Short web captions ->
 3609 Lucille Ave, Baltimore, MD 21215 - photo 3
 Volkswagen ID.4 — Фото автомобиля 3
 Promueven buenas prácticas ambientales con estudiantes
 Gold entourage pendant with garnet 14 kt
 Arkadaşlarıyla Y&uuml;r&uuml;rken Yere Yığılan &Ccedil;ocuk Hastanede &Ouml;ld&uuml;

WORK ORDER -> The data above, all of it, needs to be output exactly as written.

EXPECTED ANSWER ->
 3609 Lucille Ave, Baltimore, MD 21215 - photo 3
 Volkswagen ID.4 — Фото автомобиля 3
 Promueven buenas prácticas ambientales con estudiantes
 Gold entourage pendant with garnet 14 kt
 Arkadaşlarıyla Y&uuml;r&uuml;rken Yere Yığılan &Ccedil;ocuk Hastanede &Ouml;ld&uuml;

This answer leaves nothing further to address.